Buying a first home isn’t easy these days, as rising mortgage rates and student loan debt keep many young adults on the sidelines; that’s why more families are turning to parents helping with home purchases. Here’s what parents and their kids need to know before making this big move.
How are parents helping with home purchases today?
There are a variety of ways parents can help their young adult kids buy their first home, from gifting down payments to co-signing or co-buying. These forms of support can be life-changing, but they come with legal and financial implications.
Gifting money toward a home purchase: rules and tax tips
The most straightforward way to help is by gifting money to the kids. Current gift tax law allows each parent to gift up to $19,000 without the gift being reported by the parents for tax purposes. If you are married, you and your spouse can combine your exclusions. This effectively doubles the amount you can gift: $38,000 per child in 2025. However, if only one spouse makes the gift and exceeds the $19,000 limit, they must file a gift tax return (Form 709), and the other spouse must consent to the gift splitting. Since the taxable estate exemption threshold is almost $14 million, taxes are very rarely an issue for the parents. The recipient children owe no taxes, nor must they report the gift.
If the children are depending on the gift for a down payment on a mortgage, the lender may require a copy of a gift letter from the parents to the children.
Co-signing a mortgage: what parents should consider
Co-signing the mortgage is another way parents can help. This comes with an obligation on the children to make payments consistently and on time. If a payment is late, the lender’s collections representative will contact both the child and the co-signing parent. Late fees and default notices affect not only the child’s credit but also the parent’s, as a credit report on the parents reflects their co-signer status for the loan.
Co-buying a home with your child: shared ownership basics
Increasingly, parents are assisting by becoming co-buyers with their kids.

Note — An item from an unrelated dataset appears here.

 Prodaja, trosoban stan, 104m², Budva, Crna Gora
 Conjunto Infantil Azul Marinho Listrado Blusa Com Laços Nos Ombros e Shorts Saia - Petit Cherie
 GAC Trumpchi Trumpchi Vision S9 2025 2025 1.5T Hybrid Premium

In this scenario, an equity partnership is established, with co-ownership divided by percentage based on the kids’ and the parents’ respective contributions to the purchase.
Setting clear boundaries
When aid to the child’s home purchase is in the form of a gift, boundaries and expectations may be few or nonexistent.
However, parental co-signing or shared equity requires setting out in writing the requirements for all parties. It is not a matter of trust, but of clear communication to avoid disputes later about what was agreed upon. Money disputes have driven wedges between even close families.
- In a co-signing situation, the children must make timely payments. There should be a written agreement between the children and parents for repaying the parents in the event of late payments, default, or short sale. The parents’ credit will be damaged, so the consequences must be clear.
- In a shared equity situation, an agreement should outline the percentage of shared ownership by parties, who has decision-making rights for remodeling or leasing out the property, what to do if anyone wants out of the deal, how to handle a future sale, and any other decisions that affect the condition and value of the property.
When to involve a CPA or estate attorney
Parents and children should consult with a CPA and, if necessary, an estate attorney to understand how their decisions may affect everyone involved.